──────── Supplied entries
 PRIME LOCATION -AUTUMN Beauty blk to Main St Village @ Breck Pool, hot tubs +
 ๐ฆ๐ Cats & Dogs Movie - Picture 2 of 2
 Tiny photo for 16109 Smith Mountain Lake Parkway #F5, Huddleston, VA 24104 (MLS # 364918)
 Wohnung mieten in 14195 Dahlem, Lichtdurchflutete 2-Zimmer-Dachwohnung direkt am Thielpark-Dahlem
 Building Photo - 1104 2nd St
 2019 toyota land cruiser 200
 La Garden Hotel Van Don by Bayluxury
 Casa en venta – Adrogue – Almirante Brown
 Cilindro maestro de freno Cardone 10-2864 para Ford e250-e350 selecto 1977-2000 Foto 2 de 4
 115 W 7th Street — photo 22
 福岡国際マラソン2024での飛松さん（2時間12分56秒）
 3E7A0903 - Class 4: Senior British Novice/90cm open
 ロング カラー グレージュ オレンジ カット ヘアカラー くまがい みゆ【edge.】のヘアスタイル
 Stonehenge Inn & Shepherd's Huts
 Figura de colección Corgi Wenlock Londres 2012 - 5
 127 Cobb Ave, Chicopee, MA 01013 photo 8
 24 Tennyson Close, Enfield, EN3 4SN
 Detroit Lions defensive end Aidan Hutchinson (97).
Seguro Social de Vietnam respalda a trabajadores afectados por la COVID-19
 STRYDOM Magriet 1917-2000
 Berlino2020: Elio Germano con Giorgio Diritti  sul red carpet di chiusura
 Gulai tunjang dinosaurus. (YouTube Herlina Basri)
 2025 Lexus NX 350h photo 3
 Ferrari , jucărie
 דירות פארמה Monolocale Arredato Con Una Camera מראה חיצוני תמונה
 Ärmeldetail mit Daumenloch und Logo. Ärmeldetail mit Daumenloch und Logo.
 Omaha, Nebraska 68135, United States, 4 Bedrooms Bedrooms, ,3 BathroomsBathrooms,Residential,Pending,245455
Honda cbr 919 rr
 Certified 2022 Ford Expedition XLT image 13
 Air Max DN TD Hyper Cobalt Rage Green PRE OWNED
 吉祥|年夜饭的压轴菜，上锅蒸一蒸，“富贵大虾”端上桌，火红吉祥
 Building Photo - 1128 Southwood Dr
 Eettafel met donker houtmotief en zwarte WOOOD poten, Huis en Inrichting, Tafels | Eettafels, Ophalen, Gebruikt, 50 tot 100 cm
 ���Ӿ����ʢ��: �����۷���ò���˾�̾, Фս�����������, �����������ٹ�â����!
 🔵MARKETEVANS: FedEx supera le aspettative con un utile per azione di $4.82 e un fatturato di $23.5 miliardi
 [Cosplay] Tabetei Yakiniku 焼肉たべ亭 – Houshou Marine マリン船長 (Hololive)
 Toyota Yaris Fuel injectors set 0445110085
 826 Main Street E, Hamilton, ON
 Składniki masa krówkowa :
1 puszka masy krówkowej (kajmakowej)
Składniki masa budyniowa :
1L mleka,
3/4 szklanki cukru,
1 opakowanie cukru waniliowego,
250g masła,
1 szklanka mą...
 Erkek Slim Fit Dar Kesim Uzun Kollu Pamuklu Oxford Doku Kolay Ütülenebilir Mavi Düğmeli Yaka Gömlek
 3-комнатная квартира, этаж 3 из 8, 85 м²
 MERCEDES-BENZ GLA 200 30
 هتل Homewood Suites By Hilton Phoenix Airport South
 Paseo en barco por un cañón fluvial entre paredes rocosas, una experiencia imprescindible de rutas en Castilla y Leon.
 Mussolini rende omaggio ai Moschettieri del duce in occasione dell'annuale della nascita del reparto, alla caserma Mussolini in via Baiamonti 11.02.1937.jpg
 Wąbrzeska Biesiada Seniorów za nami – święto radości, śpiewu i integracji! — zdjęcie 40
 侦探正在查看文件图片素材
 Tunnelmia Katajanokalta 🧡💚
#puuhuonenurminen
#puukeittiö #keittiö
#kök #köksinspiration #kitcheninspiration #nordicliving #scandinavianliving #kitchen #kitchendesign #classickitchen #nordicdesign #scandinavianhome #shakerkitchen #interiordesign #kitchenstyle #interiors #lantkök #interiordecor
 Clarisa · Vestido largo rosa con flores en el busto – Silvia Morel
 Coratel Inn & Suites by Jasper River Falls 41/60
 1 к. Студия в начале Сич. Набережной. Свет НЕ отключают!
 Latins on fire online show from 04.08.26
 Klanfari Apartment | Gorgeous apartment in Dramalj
────────────────
- Assignment -
Only exact copies of the lines from the one containing "Coratel Inn &" to the end of the records belong in the answer.

- Response area -
 Coratel Inn & Suites by Jasper River Falls 41/60
 1 к. Студия в начале Сич. Набережной. Свет НЕ отключают!
 Latins on fire online show from 04.08.26
 Klanfari Apartment | Gorgeous apartment in Dramalj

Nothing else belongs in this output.